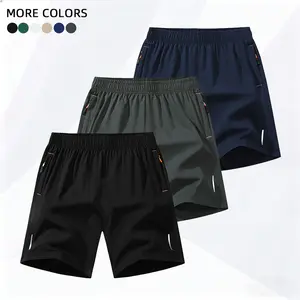 1/3-pack Men’s casual shorts,elastic waistband, zippered pockets; comfortable for summer beach and outdoor activities; polyester fabric, machine washable.#SummerVibes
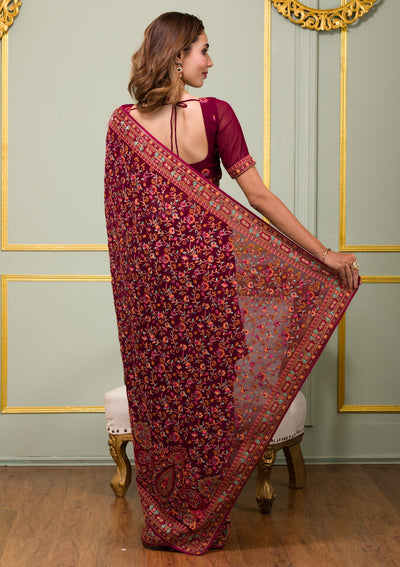 Maroon Threadwork Georgette Saree-Koskii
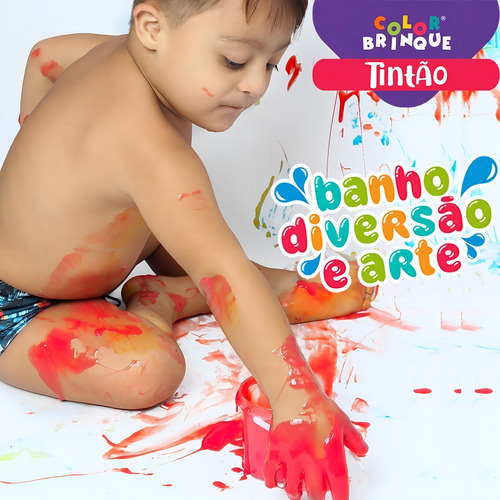 Pintura colorante hecha con jabón para jugar y pintar en el baño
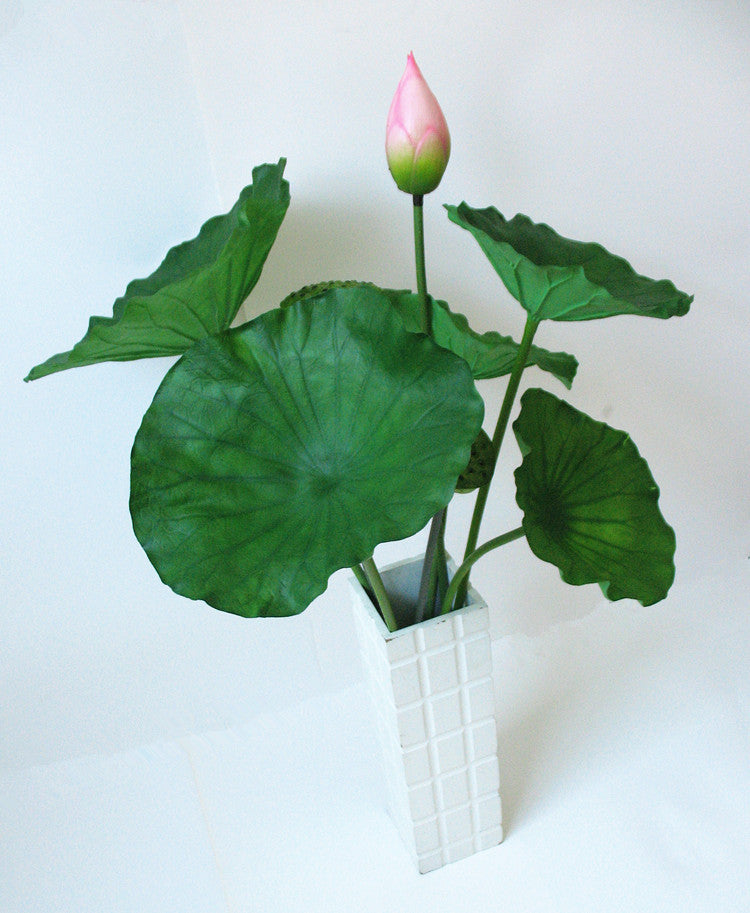 PU Lotus Leaf with Stem Artificial Lotus Leaf Lotus Bud Lotus Pod Chinese Countryside Style Buddhist Hall Decorative Flower Directly from Manufacturer
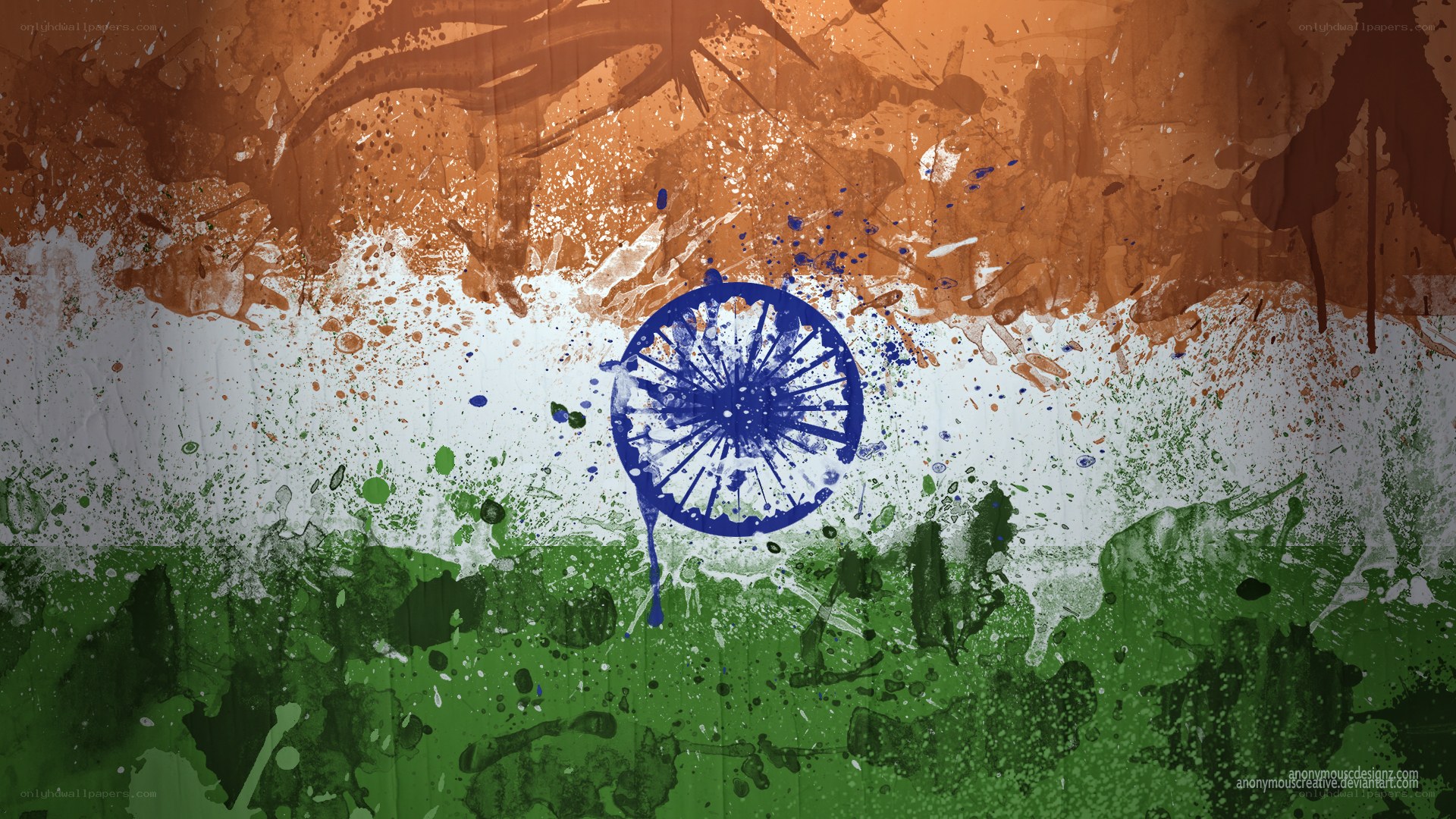 India flag art splatter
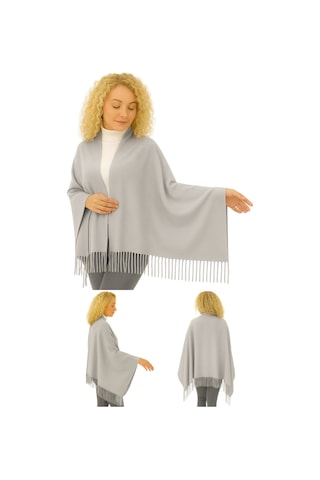 1 Adet Kadın Büyük Bedene Uygun Ekstra Yumuşak Dokulu Püskül Detaylı Kışlık Atkı Omuz Şalı Gri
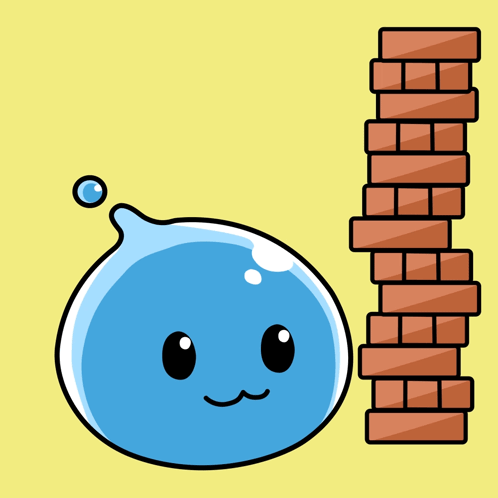 Blue Blob Next to Stack of Bricks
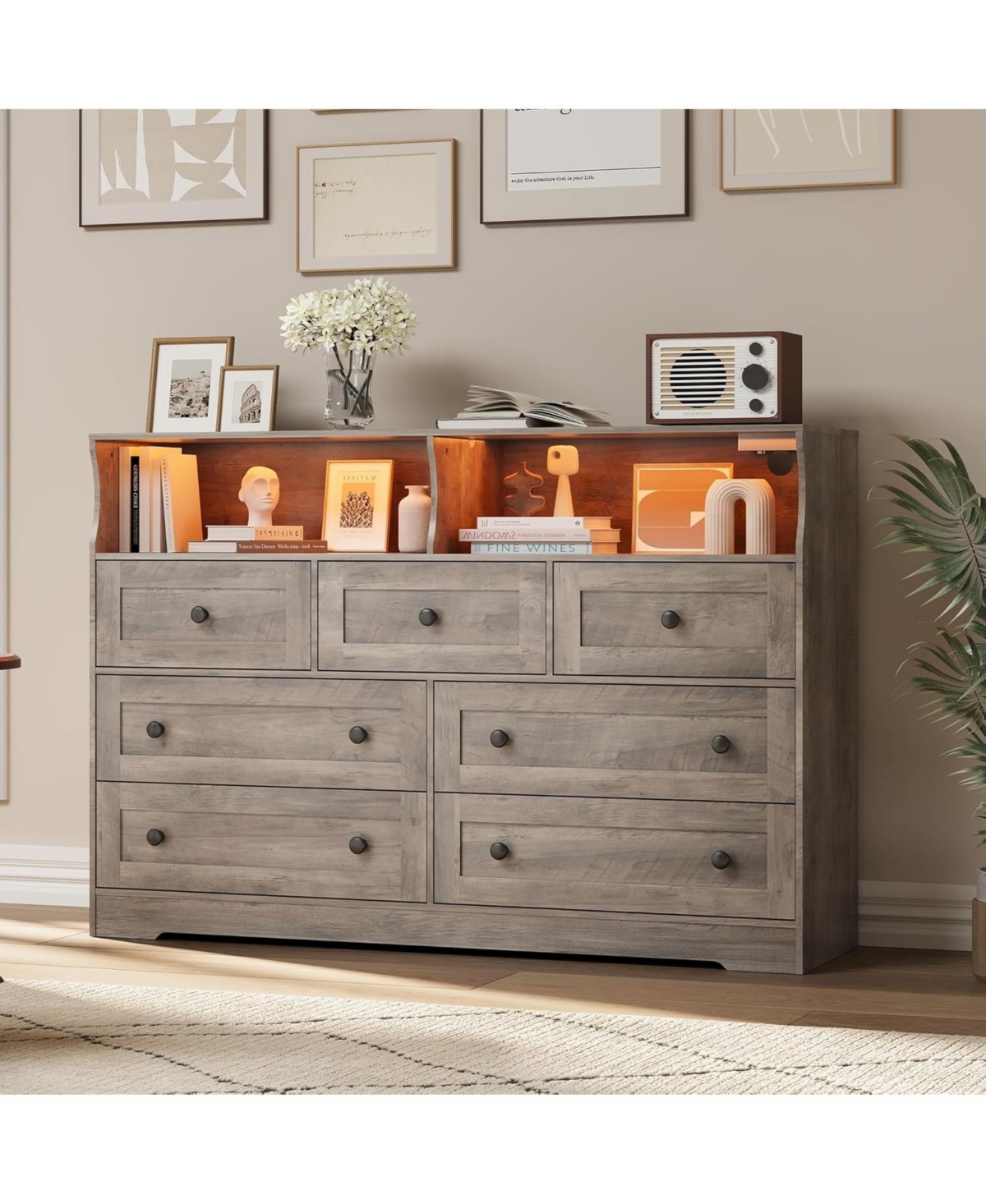 gaomon 7 Drawer Wood Dresser with Usb Charging & Led Lights, 2 Open Cubbies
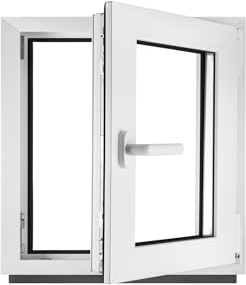 BauPLAZA Ventana PVC (reforzado) Practicable ANCHO x ALTO 500 x 500 mm BLANCA Vidrio Transparente Triple acristalamiento 4 10 4 10 4 (triple cristal) 50 x 50 cm Derecha OSCILOBATIENTE 1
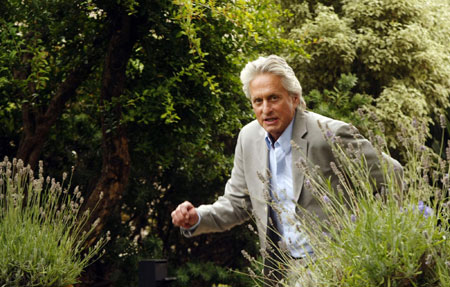 Michael Douglas arrives at a presentation of his new film 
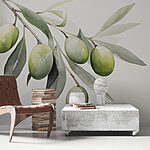 Papier peint Branche avec des fruits verts et des feuilles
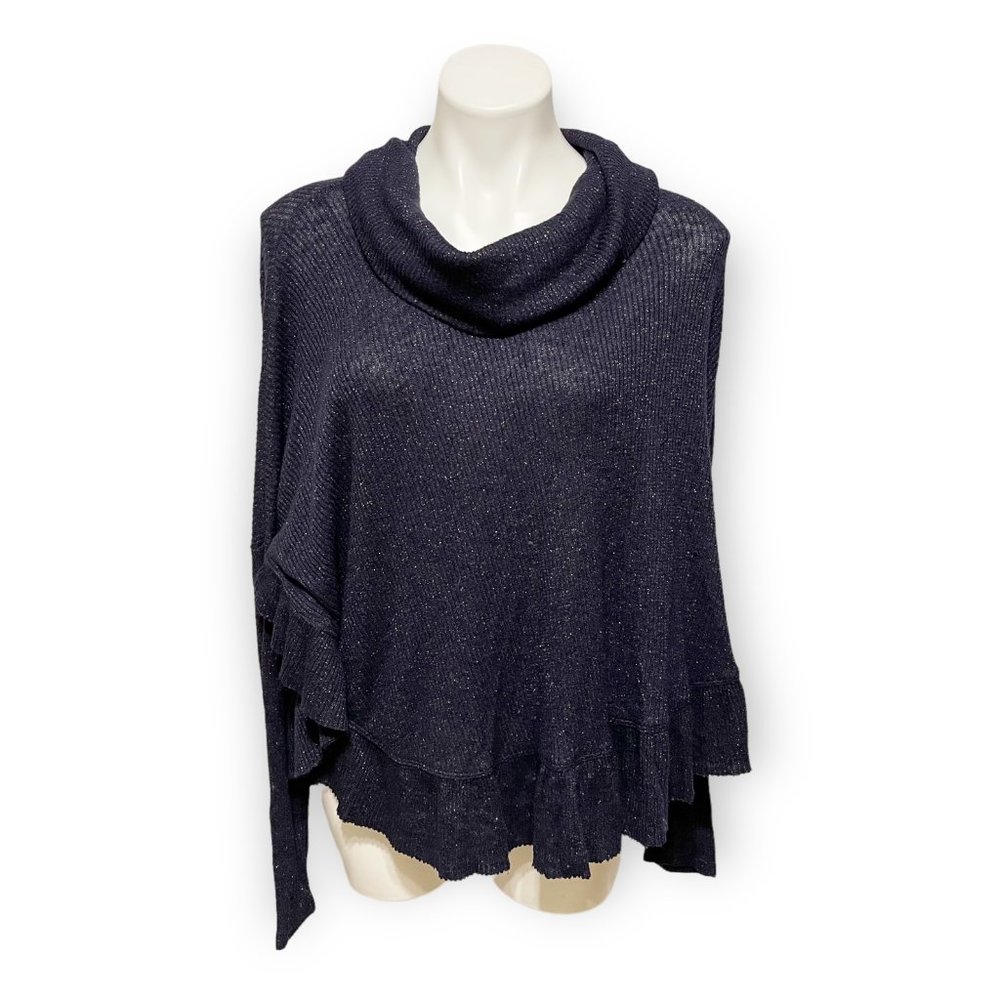 Postmark Anthropologie XS/S Purple Cowl Neck Long Sleeve Ruffle Orley Sweater - Picture 4 of 10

★ ★ ★ ★ ★ ★ ★

#### TASK DIRECTIONS
Leave out the pictures and copy exactly the lines from the one with "BauPLAZA Ventana PVC" through the last line of the records above.

#### ANSWER TO THIS TASK
 BauPLAZA Ventana PVC (reforzado) Practicable ANCHO x ALTO 500 x 500 mm BLANCA Vidrio Transparente Triple acristalamiento 4 10 4 10 4 (triple cristal) 50 x 50 cm Derecha OSCILOBATIENTE 1
 Michael Douglas arrives at a presentation of his new film 
 Papier peint Branche avec des fruits verts et des feuilles
 Postmark Anthropologie XS/S Purple Cowl Neck Long Sleeve Ruffle Orley Sweater - Picture 4 of 10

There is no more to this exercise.